Huffington Post
Brent Budowsky
Tucker Carlson Blasts Ed Murrow!
Did I just hear Tucker Carlson call Ed Murrow a phony? The intrepid Carlson's suggestion was that because some of Murrow's shows involved soft profiles (which some were), management never pushed him to do them (wrong) and Murrow was therefore a phony (huh?).
What Tucker says to his modest audience is not worthy of comment, except that this does
represent a broader decline of standards, a broader decline of truth in television, and a broader pandering to the lowest elements.
Murrow does not need any defense against Tucker's manly assault, but the truth does need a defense in an age where truth has become subservient to partisan interests, to political agendas, to cheap commercialism, to shallow sensationalism, to the cute one liner, by the airhead talker, on third rate cable, with miniscule audience, and zero respect for the integrity of the matter.
Truth is truth, and there are times when truth is non-negotiable. When Americans who landed at Normandy are murdered in war crimes when taken prisoner, to say, and then repeat, that those troops had themselves committed war crimes is beyond shame. This is not an issue about which reasonable people can disagree. It is non-negotiable. Is Fox News proud of Bill O'Reilly for this? Is there any standard? Do truth, facts and honor mean anything?
I will predict that there will be major news, very soon, that will bring the words "Edward R. Murrow" back to center stage, in old and new media alike. And that the so-called experts will be astonished at the huge market among Americans for what I would call Integrity Television, Truth Television, Courageous Television, Fearless Television, television with honor, context, and depth.
What the media should be, is letting a thousand flowers bloom, and letting the audience decide. What has happened is two alternate models, equally corrupt, for different reasons. There is the smear and fear model, which creates a megaphone for even those who slander widows of 9-11. Is there any shame to these people?
In this smear and fear model, we are treated like a nation of cowards, driven by fear to surrender even the Bill of Rights, and we are treated like a nation of anger management problems, where major papers are accused of treason, and war heroes are attacked even for the medals of bravery they were awarded. Is there any honor here?

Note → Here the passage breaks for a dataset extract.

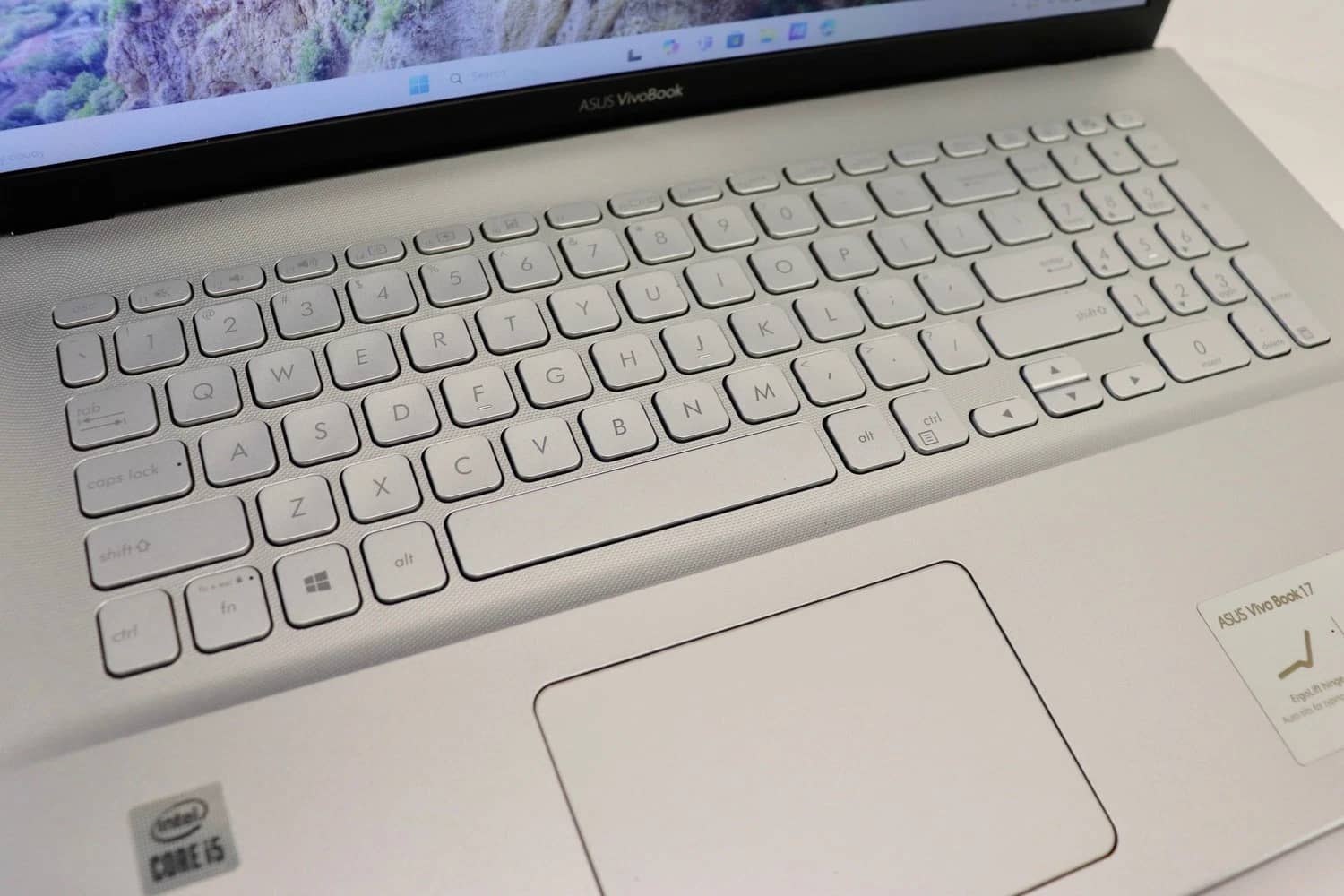 ASUS VivoBook 17 X712J Computers 512GB 12GB Used - Good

When I wrote a guest essay in Editor and Publisher on the 4th of July defending the First Amendment from trash talk of treason, I was inundated with responses, most of them beyond favorable. But I received at least twenty to thirty that were pure, total, unadulterated hate. Not contempt, not anger, not disagreement, but pure hate directed to both the New York Times and to me.
One wonders, when the President walks the White House at night, looking at the portraits of the giants who occupied that home, whether he is proud that his own words, his own deeds, directly inflame hatred. One wonders if the programming executives who provide a megaphone to voices of hate, are proud, in their most private moments, that people watch their shows and respond by threatening the lives of Supreme Court Justices, or those they mark on their personal enemies lists.
The other model, of course, is the corporatized, bureaucratized, sensationalized, trivialized, and homogenized notion that Americans are obsessed with the corpses of the latest murder, where democracy is treated like a freak show, where issues worthy of treatment for hours are squeezed into minutes or seconds, to keep our attention between deodorant commercials.
The common denominator here, is how the television executives view the American people as morons and idiots. The fear and smear side turns cable news into negative attack ads and shameless appeals to anger and fear, and now, at times, openly, to outright hate. While the corporatized imitators take a bad art form with low esteem for the customer, and repeat it, having more in common with the street corner vendors selling fake Movados, than the heirs to a proud and honorable profession singled out by our Founding Fathers as essential to our democracy.
There are reasons cable audience, including Fox, are modest and often declining. There are reasons circulation of the daily newspapers is falling. There are reasons for the incredible surge to the internet, to more enlightened cable such as Keith Olbermann, and to offbeat but substantive alternatives such as Steve Colbert, Bill Maher and Jon Stewart. For those who think the future is Tucker Carlson calling Ed Murrow a phony, perhaps we need a new book: "Programming For Dummies".
Stay tuned. News is coming. Remember that those the right attacks, are those they truly fear, Tucker's assault on Murrow is a good omen indeed. I predict Edward R. Murrow's reputation will survive the blow of Carlson's contempt; and news of integrity and quality will be making a comeback. There will more assaults on Murrow because they attack what they fear, and they have good reason to fear news that speaks truth to power, and treats people with respect.